- Dataset excerpt -
========

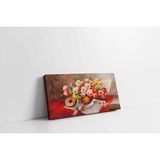 Tablosan Vazoda Güller Kanvas Tablo 100 X 200 Cm Kb03302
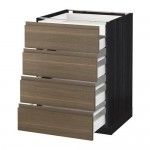 МЕТОД / МАКСИМЕРА Нплн шк 4фрнт/2нзк/3срд ящ - под дерево черный, Воксторп под грецкий орех, 60x60 см МЕТОД / МАКСИМЕРА Нплн шк 4фрнт/2нзк/3срд ящ - под дерево черный, Воксторп под грецкий орех, 60x60 см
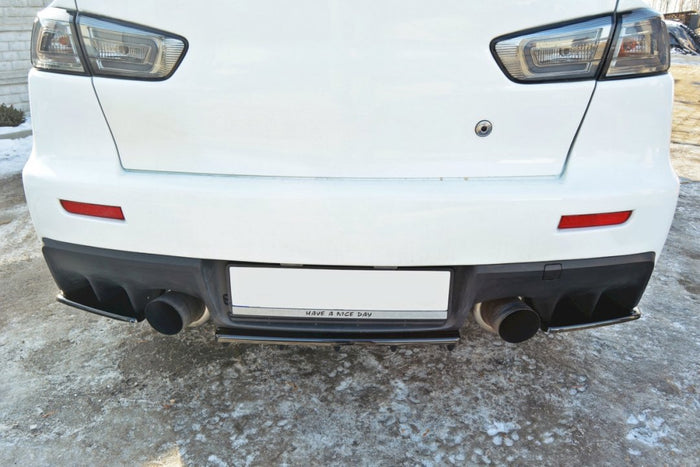 Maxton Design - CENTRAL REAR SPLITTER MITSUBISHI LANCER EVO X (W/VERTICAL BARS) (2007-2015)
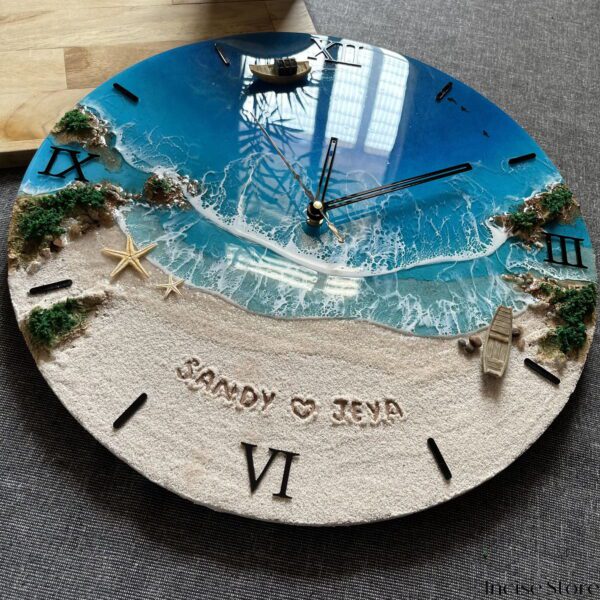 resin ocean wall clock side view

========

- What is required -
Please repeat all of the data exactly, excluding images.

- Exercise answer -
 Tablosan Vazoda Güller Kanvas Tablo 100 X 200 Cm Kb03302
 МЕТОД / МАКСИМЕРА Нплн шк 4фрнт/2нзк/3срд ящ - под дерево черный, Воксторп под грецкий орех, 60x60 см МЕТОД / МАКСИМЕРА Нплн шк 4фрнт/2нзк/3срд ящ - под дерево черный, Воксторп под грецкий орех, 60x60 см
 Maxton Design - CENTRAL REAR SPLITTER MITSUBISHI LANCER EVO X (W/VERTICAL BARS) (2007-2015)
 resin ocean wall clock side view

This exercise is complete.